Records contained in a dataset:
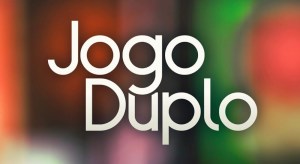 Jogo Duplo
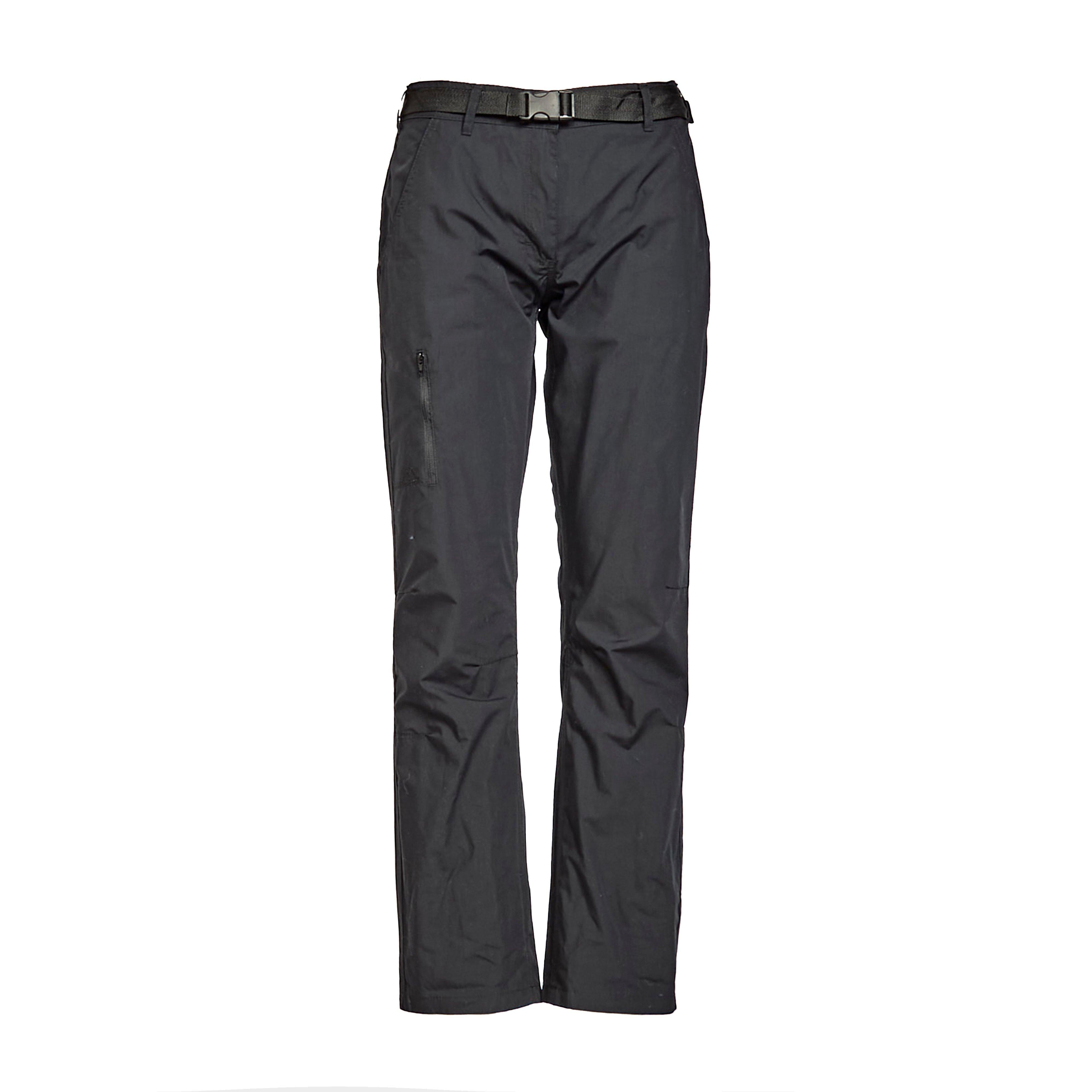 Women’s Nebraska Walking Trousers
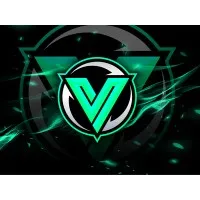 Vedansh Enterprises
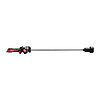 MILWAUKEE M12 BSWP Staafwaterpomp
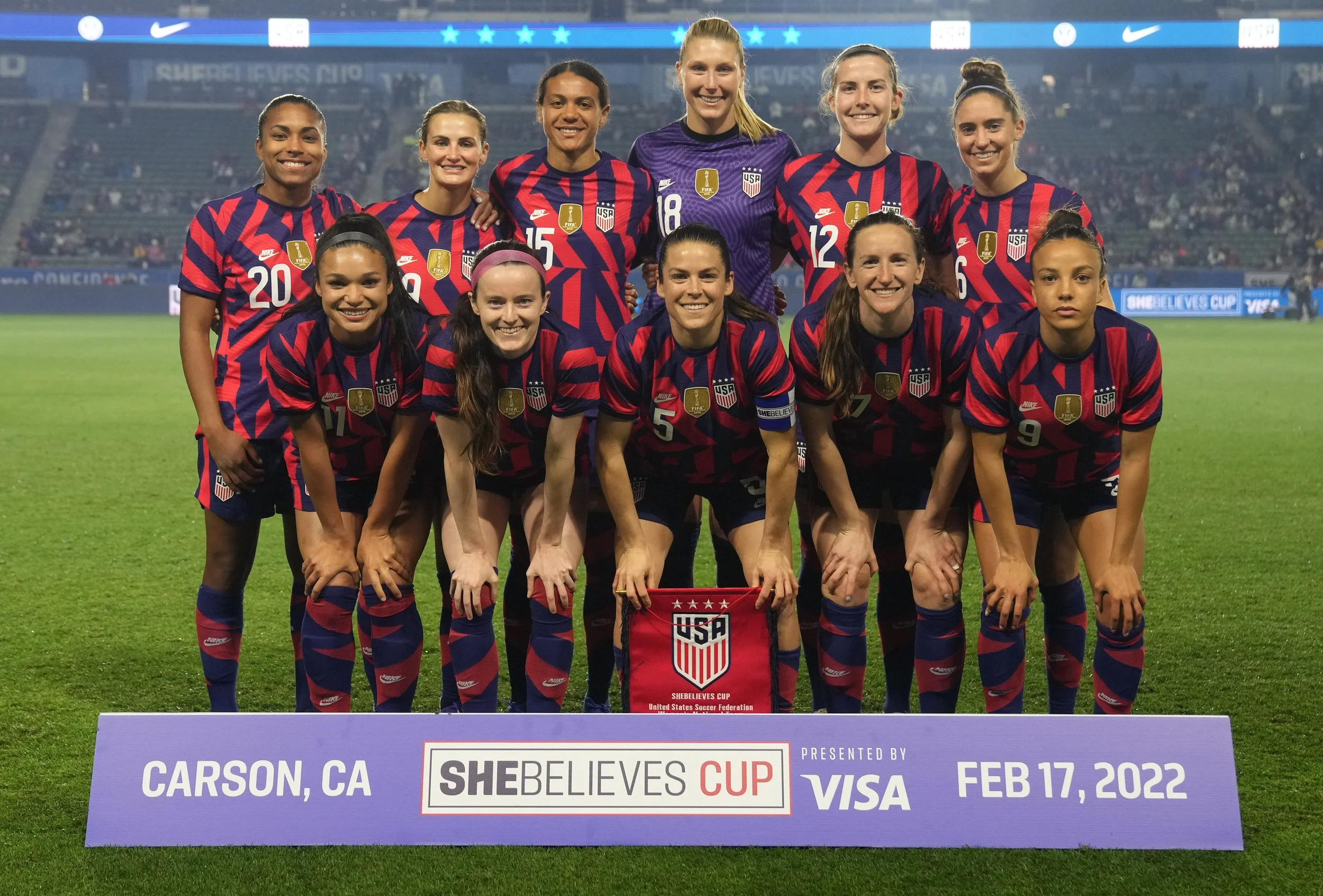 USWNTBS0217222135.JPG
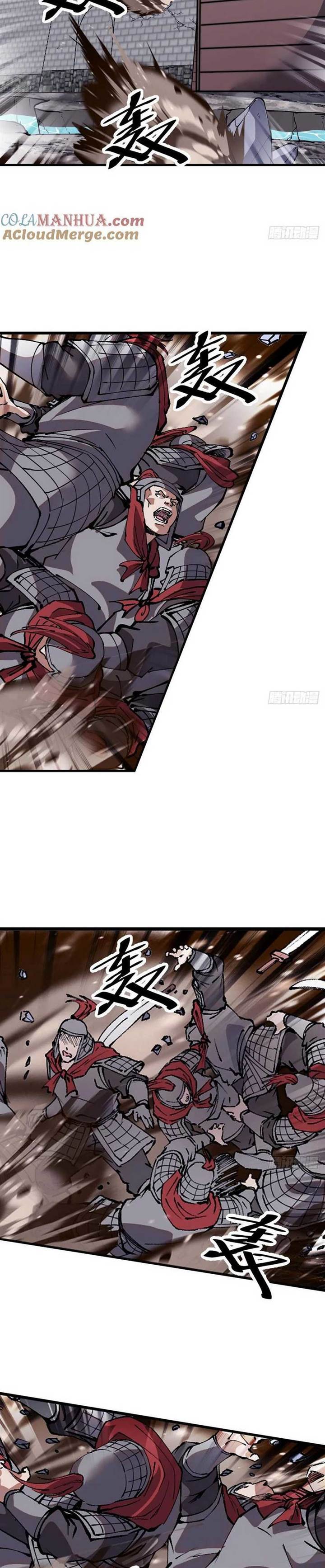 image-komik-it-starts-with-a-mountain-chapter-655-14/18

__The problem__:
Each line of the data above should be reproduced without alteration, and no picture should appear in the copy.

__Answer below__:
 Jogo Duplo
 Women’s Nebraska Walking Trousers
 Vedansh Enterprises
 MILWAUKEE M12 BSWP Staafwaterpomp
 USWNTBS0217222135.JPG
 image-komik-it-starts-with-a-mountain-chapter-655-14/18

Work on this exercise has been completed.